→ **GOAL OF THE EXERCISE**:
Reproduce exactly the lines from the line containing "Kam Ming Yin" through the end of the records below, including both ends, and nothing else.

[Short text fragments from websites]
........

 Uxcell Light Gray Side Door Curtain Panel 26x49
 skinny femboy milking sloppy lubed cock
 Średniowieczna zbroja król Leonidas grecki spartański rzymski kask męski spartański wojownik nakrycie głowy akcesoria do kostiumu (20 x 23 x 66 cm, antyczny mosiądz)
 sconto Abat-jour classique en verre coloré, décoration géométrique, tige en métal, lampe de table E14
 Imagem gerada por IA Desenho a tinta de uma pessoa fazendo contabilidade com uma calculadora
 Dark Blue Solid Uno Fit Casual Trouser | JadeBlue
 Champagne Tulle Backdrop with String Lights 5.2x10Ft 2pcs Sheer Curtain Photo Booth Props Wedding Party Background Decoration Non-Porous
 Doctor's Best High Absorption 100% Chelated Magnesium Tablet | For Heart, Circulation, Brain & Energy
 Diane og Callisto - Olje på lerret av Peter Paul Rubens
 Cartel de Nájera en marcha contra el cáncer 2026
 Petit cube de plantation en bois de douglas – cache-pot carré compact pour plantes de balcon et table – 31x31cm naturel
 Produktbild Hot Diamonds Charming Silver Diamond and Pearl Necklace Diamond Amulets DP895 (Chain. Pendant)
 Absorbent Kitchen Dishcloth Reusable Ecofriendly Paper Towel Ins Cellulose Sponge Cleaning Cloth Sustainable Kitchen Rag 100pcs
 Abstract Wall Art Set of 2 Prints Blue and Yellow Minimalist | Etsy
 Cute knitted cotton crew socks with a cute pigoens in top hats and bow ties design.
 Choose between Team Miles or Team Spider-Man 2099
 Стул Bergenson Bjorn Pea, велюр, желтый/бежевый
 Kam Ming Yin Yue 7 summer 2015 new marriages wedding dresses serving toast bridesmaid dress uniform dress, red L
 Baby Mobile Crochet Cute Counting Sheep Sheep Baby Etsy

........

→ **RESULT OF THE TASK**:
 Kam Ming Yin Yue 7 summer 2015 new marriages wedding dresses serving toast bridesmaid dress uniform dress, red L
 Baby Mobile Crochet Cute Counting Sheep Sheep Baby Etsy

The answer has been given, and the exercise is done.